• TASK DETAILS: Among the entries below, find the line with "Missoni Gray Zig Zag Lame Wide-Leg Pants" and the line with "8215 Brown Jacket And Skirt Set For Women". Return exactly those lines and every line between them, but no pictures.
SOURCE DATA: Begin
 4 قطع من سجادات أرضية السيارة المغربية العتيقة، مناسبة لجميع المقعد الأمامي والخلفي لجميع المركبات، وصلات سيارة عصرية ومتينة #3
SOURCE DATA: End
SOURCE DATA: Begin
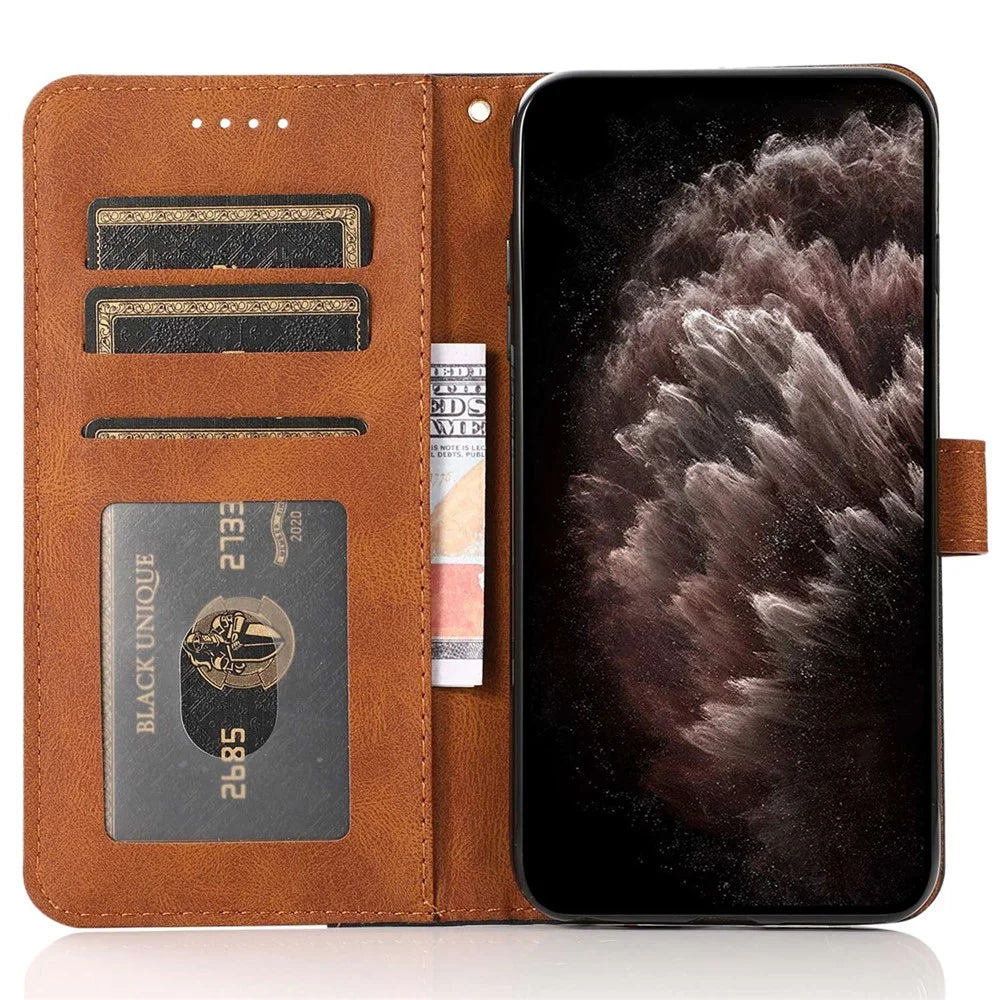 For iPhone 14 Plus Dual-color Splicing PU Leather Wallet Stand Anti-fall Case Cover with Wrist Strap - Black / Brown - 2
SOURCE DATA: End
SOURCE DATA: Begin
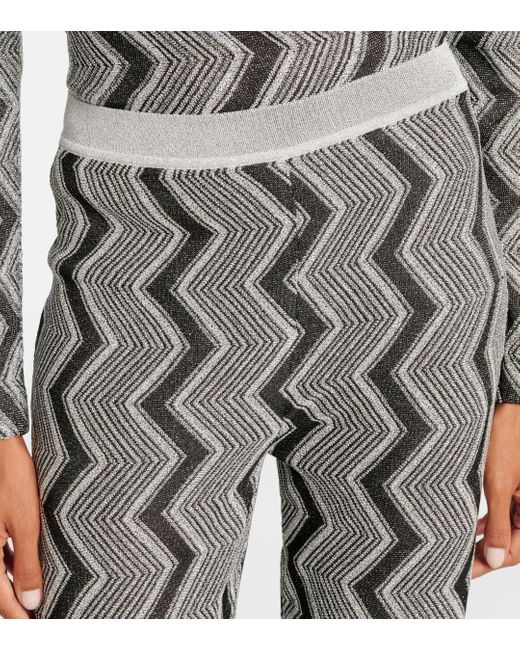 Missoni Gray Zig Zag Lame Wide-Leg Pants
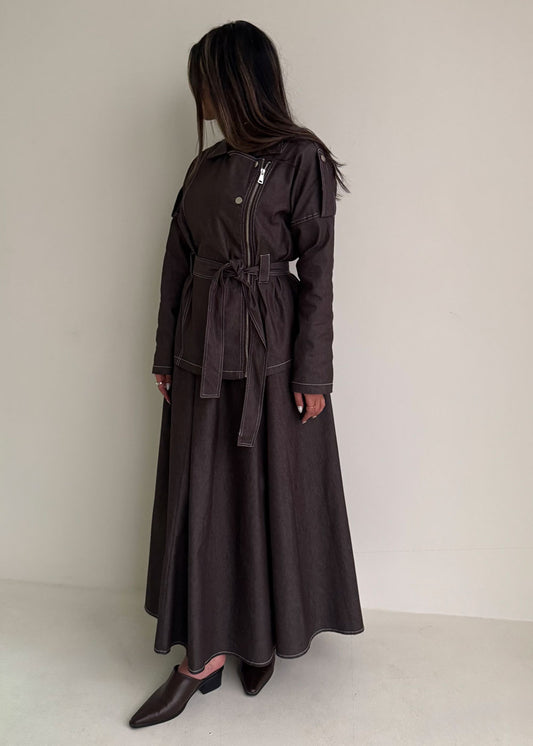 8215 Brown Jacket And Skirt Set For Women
SOURCE DATA: End
• TASK RESULT:
 Missoni Gray Zig Zag Lame Wide-Leg Pants
 8215 Brown Jacket And Skirt Set For Women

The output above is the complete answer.